==== INFORMATION SUPPLIED

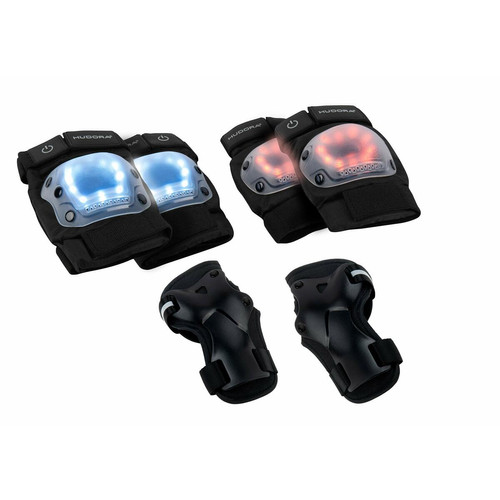 Hudora - HUDORA Set de Protections pour Enfants et Adultes - Visibilité optimale sur Patins, Scooters, VTT grâce à 11 LED - avec coudières, genouillères et protège-Poignets - Noir - Taille S Hudora  - Accessoires Mobilité électrique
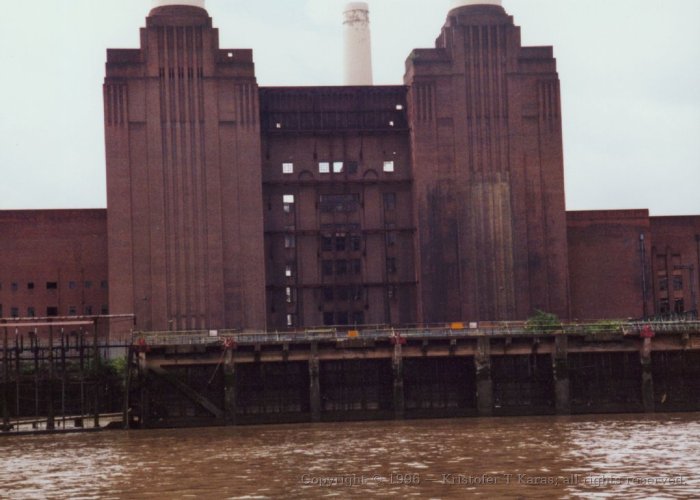 Battersea Power Station, front view from the Thames, London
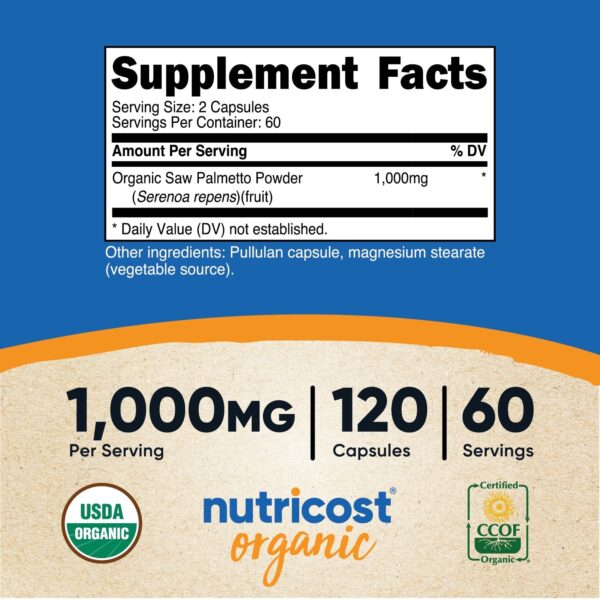 SAW PALMETTO 500 MG 120 CAP NUTRICOST - Imagen 2
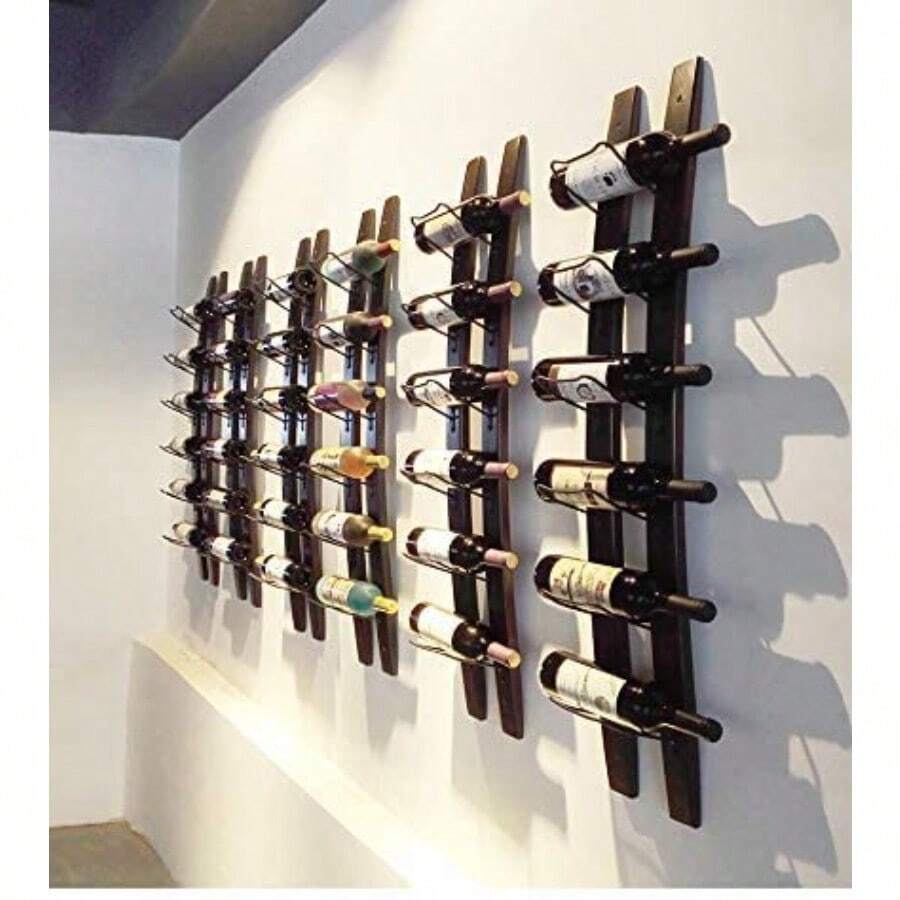 Estante de Madera para Vino montado en la Pared Soporte para Botellas de Vino de Madera Madera de Pino importada y Metal 6 Botellas de 40 x 7.6 Pulgadas Color Vino Tinto  855595 - Rojo - Ver 1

========

PROBLEM REQUIREMENTS: Could you give again precisely the lines from the one containing "Battersea Power Station, front" through the final line of the material above, both included, and no others, dropping the pictures?

RESPONSE:
 Battersea Power Station, front view from the Thames, London
 SAW PALMETTO 500 MG 120 CAP NUTRICOST - Imagen 2
 Estante de Madera para Vino montado en la Pared Soporte para Botellas de Vino de Madera Madera de Pino importada y Metal 6 Botellas de 40 x 7.6 Pulgadas Color Vino Tinto  855595 - Rojo - Ver 1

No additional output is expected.